**PROBLEM STATEMENT:**
Your task is to write out the entire listing exactly, omitting its pictures.

**DATA SEGMENT:**
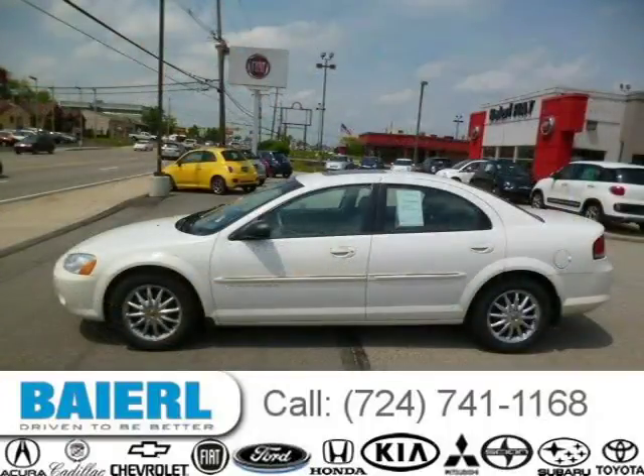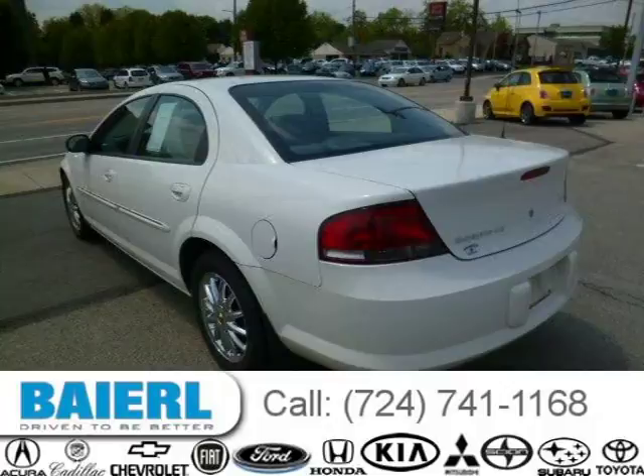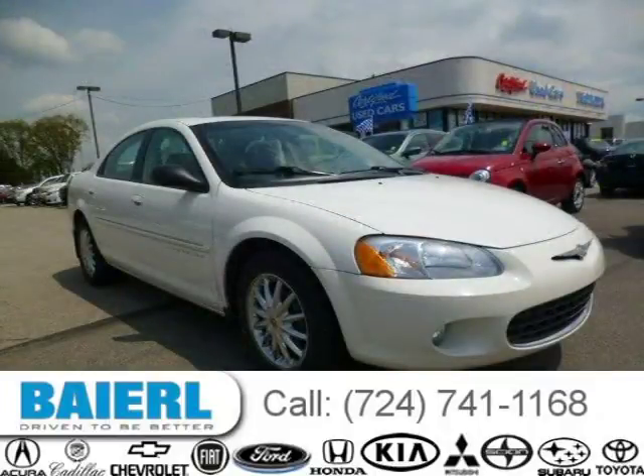For more information on this great Chrysler Sebring please click the link below. Thank you very much.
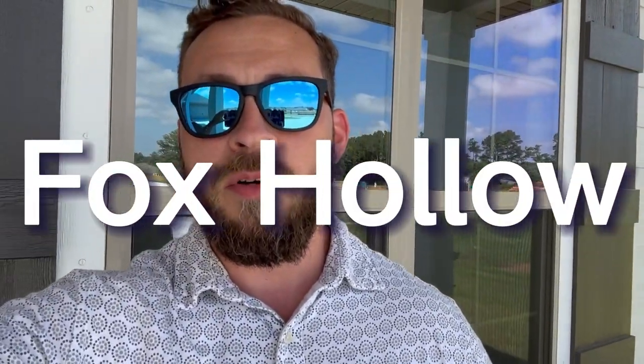What is up? This is Marcus Walker. Just wanted to do a little spotlight on the Fox Hollow neighborhood here in Fairhope. If you have questions about this neighborhood, I'd love to talk to you more.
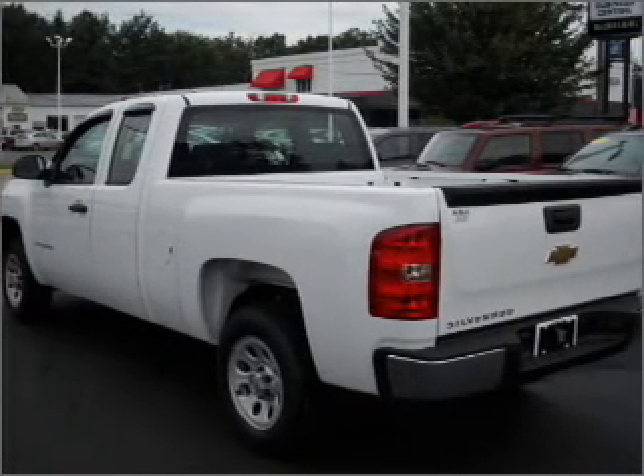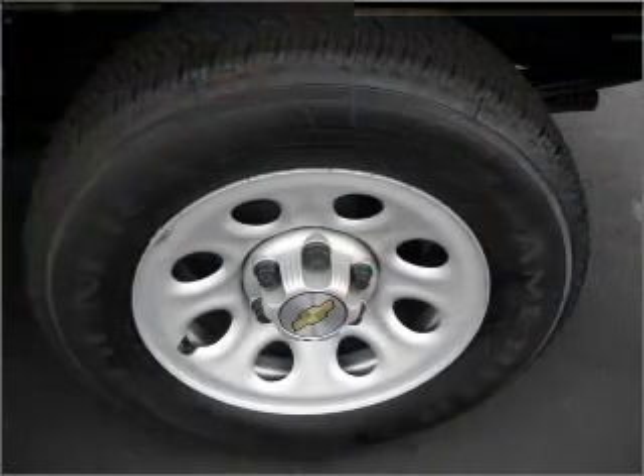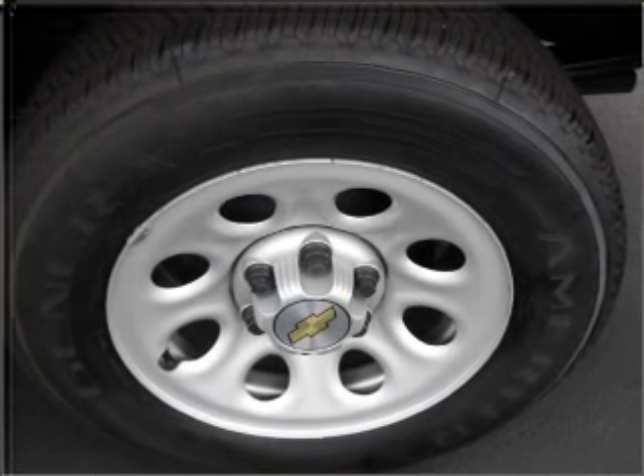With a solid six-cylinder engine connected to a smooth shifting automatic transmission, premium wheels give a more luxurious look. You will appreciate the safety feature of anti-lock brakes.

**SOLUTION FOR THIS PROBLEM:**
For more information on this great Chrysler Sebring please click the link below. Thank you very much.
What is up? This is Marcus Walker. Just wanted to do a little spotlight on the Fox Hollow neighborhood here in Fairhope. If you have questions about this neighborhood, I'd love to talk to you more.
With a solid six-cylinder engine connected to a smooth shifting automatic transmission, premium wheels give a more luxurious look. You will appreciate the safety feature of anti-lock brakes.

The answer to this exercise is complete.